The common currency advanced to the strongest level since March as the extra yield investors get from holding 10-year U.S. Treasuries rather than German bunds narrowed. JPMorgan Chase & Co. has exited a tactical position betting on a slide in the euro, while Nordea Bank Abp is forecasting an almost 3% gain by the year-end.

Europe’s shared currency is on course to snap a five-month decline in June even after ECB President Mario Draghi signaled additional monetary stimulus at Sintra last week. Analysts say that growing conviction the Fed will cut interest rates as soon as next month has captured the market’s attention and driven the dollar lower against the euro.
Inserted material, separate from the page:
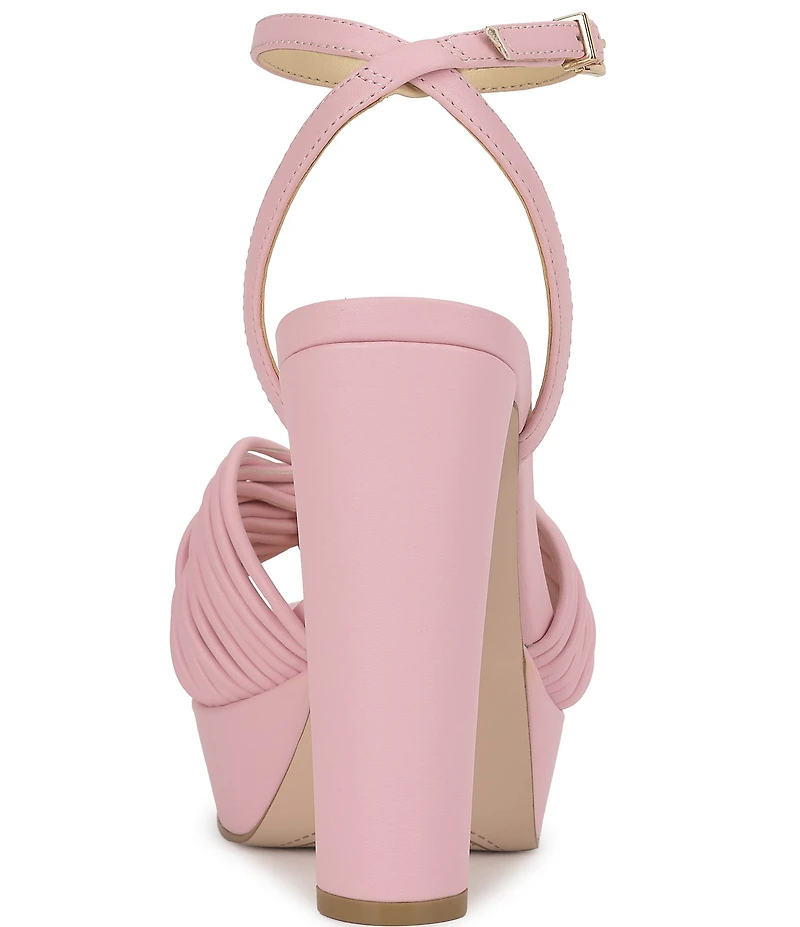 Jessica Simpson Immie Knot Detail Ankle Wrap Platform Block Heel Dress Sandals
“We exit our short position and turn tactically neutral,” said Paul Meggyesi, the head of currency research at JPMorgan, in a client note. This is “predominately because of the potential for accelerated Fed cuts that could deliver materially narrower rate differentials over a shorter time frame than we had envisaged irrespective of the ECB’s new-found eagerness to ease.”

The euro gained 0.2% to $1.1387, its strongest level since March 22, after climbing 1.4% last week. The difference between the yield on 10-year U.S. Treasuries and bunds was 234 basis points, compared with 244 basis points at the end of last year.

The currency tested resistance at the 233-day moving average of $1.1380, sending a bullish signal to investors who place trades based on technical strength. JPMorgan sees the euro ending the year at $1.15, while Nordea is even more bullish.

“We stay long EUR/USD in our convictions ahead of Fed’s first cut in July,” said Andreas Steno Larsen, a currency analyst at Nordea, which has a short-term target of $1.1650 and a year-end prediction of $1.17. “A stabilization of euro-area data is a prerequisite for this view.”